Throckmorton selected the story of the woman at the well caught in adultery whose accusers disappeared when Jesus said that the person who was without sin should be the person who threw the first stone.

As I read the Anti-Homosexuality Bill proposed in Uganda by MPs David Bahati and Benson Obua, I wonder if perhaps these gentlemen think Jesus should have picked up a stone. Instead, Jesus intervened on behalf of the woman, was He wrong? Clearly, He did not believe adultery was proper. But He signaled a new way of dealing with sin, one which emphasizes mercy and freedom, rather than coercion and death. People must choose to follow the teachings of Christ, not be coerced by Pharisees or government officials. The human heart cannot be changed by laws, but through the freely chosen grace of Christ.

Brothers and sisters, jailing or killing gays or those suspected of being gay or those who know gays cannot create a righteous people, and in fact may further a self-righteous people. One may disapprove of homosexuality, and still treat homosexuals as you would want to be treated. Who among us could stand if our private sins were judged in such a manner as the Anti-Homosexuality Bill of 2009?

I urge my brethren in beautiful Uganda to follow the example of Jesus. Please, for the sake of Christ, put down your stones.

Click here to see BTB\’s complete coverage of recent anti-gay developments in Uganda.


November 2nd, 2009

Kudos to Throckmorton – this time. I’m glad he’s perhaps beginning to see the fruits of the ex-gay conservative Christian movement.


November 2nd, 2009

The story about the woman at the well is from John 4 vs. 1-26. It describes a Samaritan who’d had a string of husbands and at the time was living with a man who was not her husband. She went to the well at midday to avoid the other women of her town; the midday heat meant they would avoid being there. The setting was Sychar in Samaria, in what is now the northern West Bank; there would not have been Israelites living there at that time.

The phrase about those without sin casting the first stone comes from John 8 vs.1-11, and was said to a group of Pharisees regarding an adulteress (some believe it was Mary Magdalen) they had brought before Jesus.
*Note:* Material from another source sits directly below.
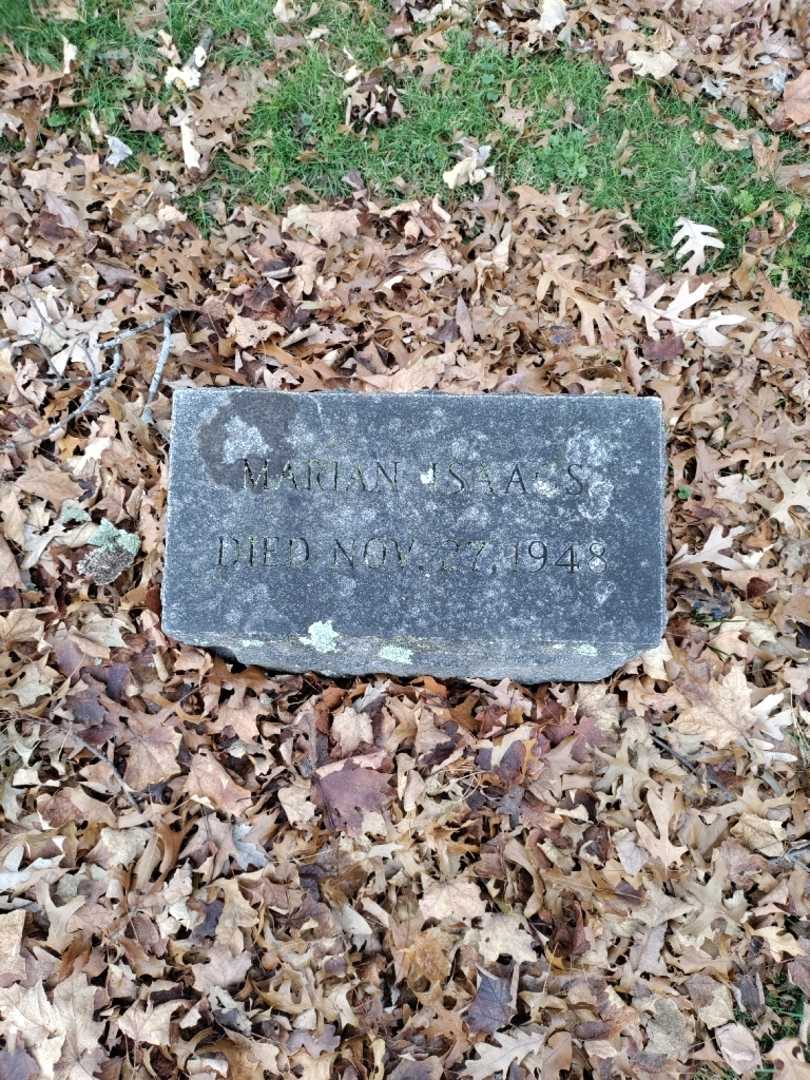 Marian Isaacs's grave. Photo 2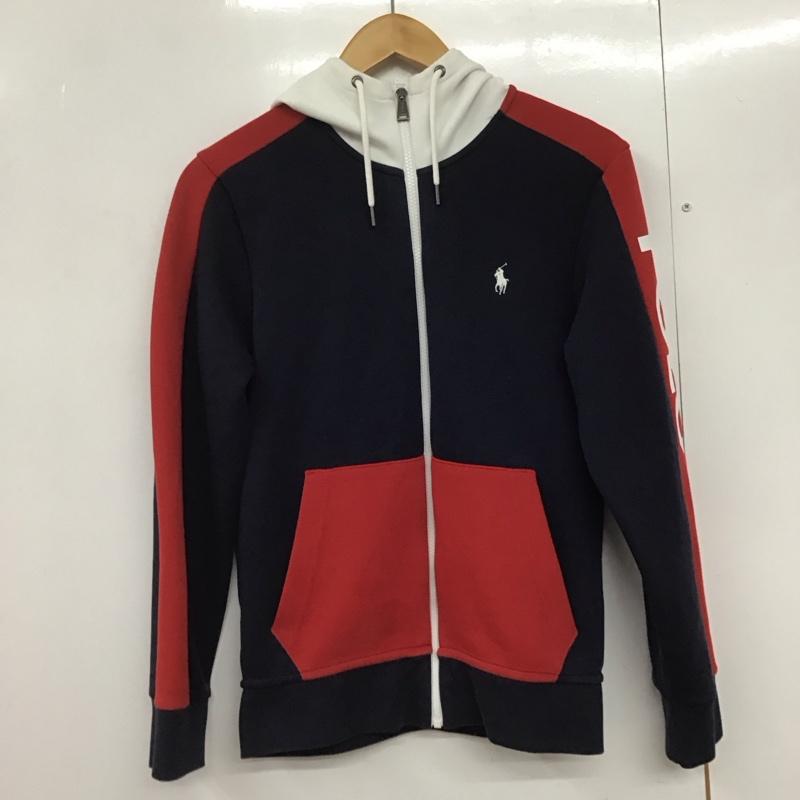 ポロラルフローレン POLO RALPH LAUREN パーカー 長袖 フルジップ ジップアップ フーディー スリーブロゴ XS ワンポイント 白 / ホワイト / X 赤 / レッド / X 紺 / ネイビー /  メンズ USED 古着 中古 10143858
They intended to force Jesus into commending that she be stoned, in accordance with the law of Moses. Jesus did exactly that, but in such a way that none of them dare cast the first stone, thereby protecting her from them. The story is set in Jerusalem, forty miles south of Sychar.

Timothy Kincaid

November 2nd, 2009

Oh pooh. That’s what I get for going from memory.

Thanks Tavdy79


November 2nd, 2009

A person who will be happy with our imprisonment is just as bad as a person who advocates for killing us.

I see no difference!

David C.

November 2nd, 2009

he rest of the religious right that got this stirred up in the first place needs to start saying the same kind of thing.

You know who you are.

Priya Lynn

November 2nd, 2009

The story about the woman at the well doesn’t belong in the bible. It is not found in the earliest manuscripts of the bible, and if I remember correctly first appeared in the bible around 1400.

Priya Lynn

November 2nd, 2009

For more information see Bart D. Ehrman’s book “Misquoting Jesus”.


November 2nd, 2009

“Please, for the sake of Christ, put down your stones.”

I don’t say this often, but…amen.


November 2nd, 2009

Actually Priya, the passage has been around since the 4th century at least.

Priya Lynn

November 2nd, 2009

Interesting Desiree, I’ll have to check my book and see what it says, maybe my memory is off. Ehrman is an expert on early manuscripts so I’d be inclined to believe him over wikipedia.

Priya Lynn

November 2nd, 2009

Desiree, I also note that even the wikipedia article says that most scholars agree it “was certainly not part of the original text”.


November 2nd, 2009

oh of that I have no doubt. It’s placement in the text makes that clear. But the history of the story is older than 1400s, that was my only point

Lynn David

November 3rd, 2009

An opinion against the bill was written by a Makerere University Law don:
Why anti-gay Bill should worry us
Mrs Sylvia Tamale

Regan DuCasse

November 3rd, 2009

Good luck to Dr. Throckmorton, but isn’t he a perfect example of exactly what the Ugandan government and Ugandan culture WANT gay people to do and be?

A gay person who has effectively become non gay, non involved in a gay relationship, completely conformed to the dominant ideal of what a gay person should behave like?

That he even can do it without the threat of imprisonment, death or silence speaks volumes to being what THEY want, with less.

So then, how could he possibly be of any meaningful help to this situation?

I’m simply trying to understand how a person who conforms to a standard STILL maintained as fair and desirable for gay people, can defend gay people in a way that makes a difference that really matters.

Ben in Oakland

November 3rd, 2009

Good for Throckmorton. At least he is beginning to see something of the damage that he and his brethren cause.

Funny how some people refuse to learn.

A nazi is a nazi, whether wearing a swastika, or tefillin, or a cross.